- WHAT YOU HAVE TO DO -
From the entries below, write out exactly the lines between the line holding "Topshop Women’s Beige" and the line holding "Cycling Grandpa V8 Jersey Black/Purple/Blue", inclusive, excluding any pictures.
[EXTRACTED MATERIAL — start]
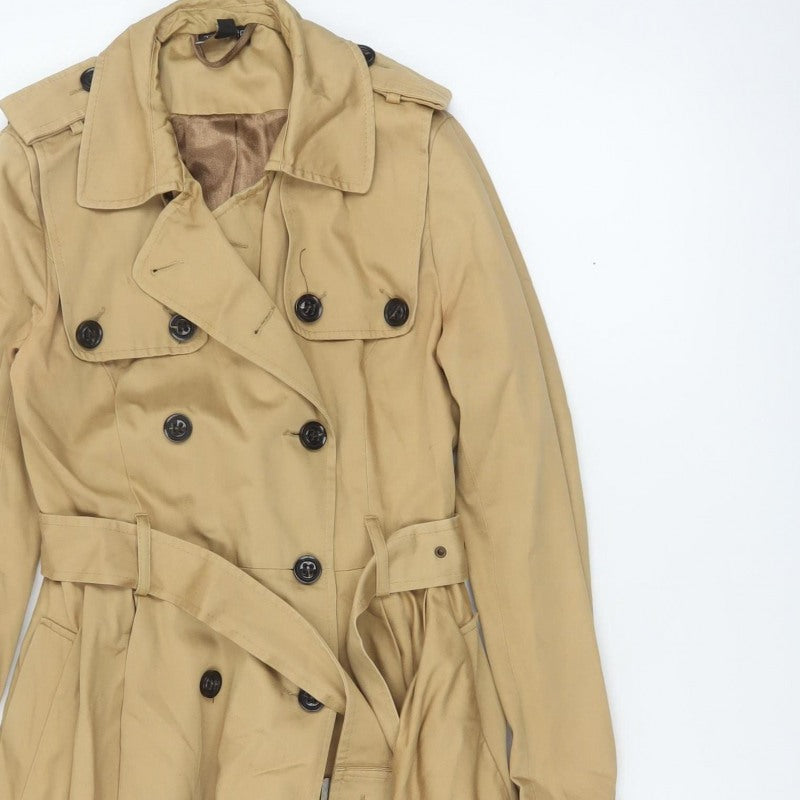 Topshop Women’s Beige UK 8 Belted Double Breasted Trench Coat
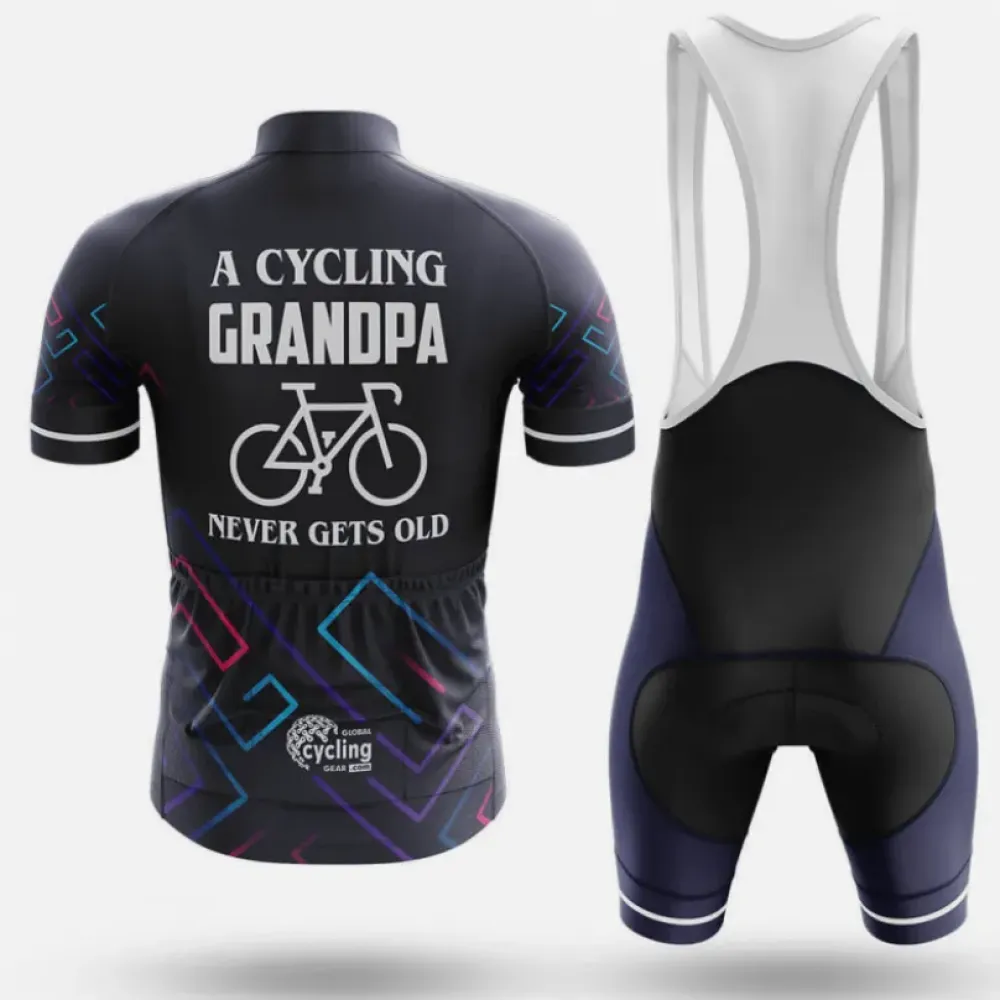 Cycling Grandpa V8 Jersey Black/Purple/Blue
[EXTRACTED MATERIAL — finish]
[EXTRACTED MATERIAL — start]
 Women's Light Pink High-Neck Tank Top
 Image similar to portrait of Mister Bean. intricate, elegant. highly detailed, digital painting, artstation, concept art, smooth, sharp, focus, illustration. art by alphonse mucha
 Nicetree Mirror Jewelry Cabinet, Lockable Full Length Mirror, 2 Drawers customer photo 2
[EXTRACTED MATERIAL — finish]
[EXTRACTED MATERIAL — start]
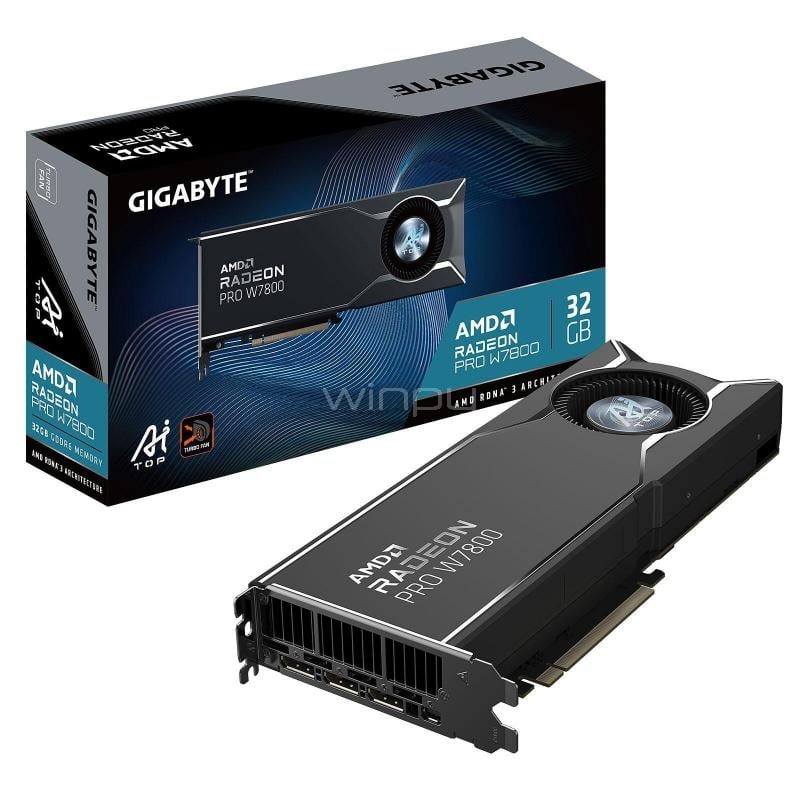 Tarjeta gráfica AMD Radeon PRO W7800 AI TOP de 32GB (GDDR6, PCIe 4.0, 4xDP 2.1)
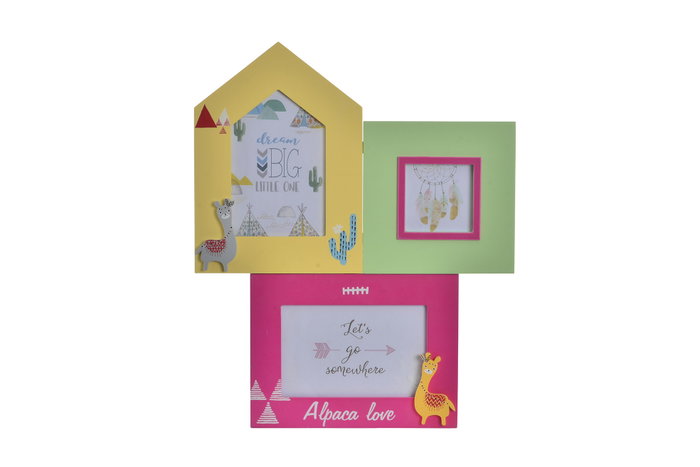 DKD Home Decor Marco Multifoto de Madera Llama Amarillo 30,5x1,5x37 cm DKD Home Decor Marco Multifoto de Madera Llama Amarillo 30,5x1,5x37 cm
[EXTRACTED MATERIAL — finish]
- TASK RESPONSE -
 Topshop Women’s Beige UK 8 Belted Double Breasted Trench Coat
 Cycling Grandpa V8 Jersey Black/Purple/Blue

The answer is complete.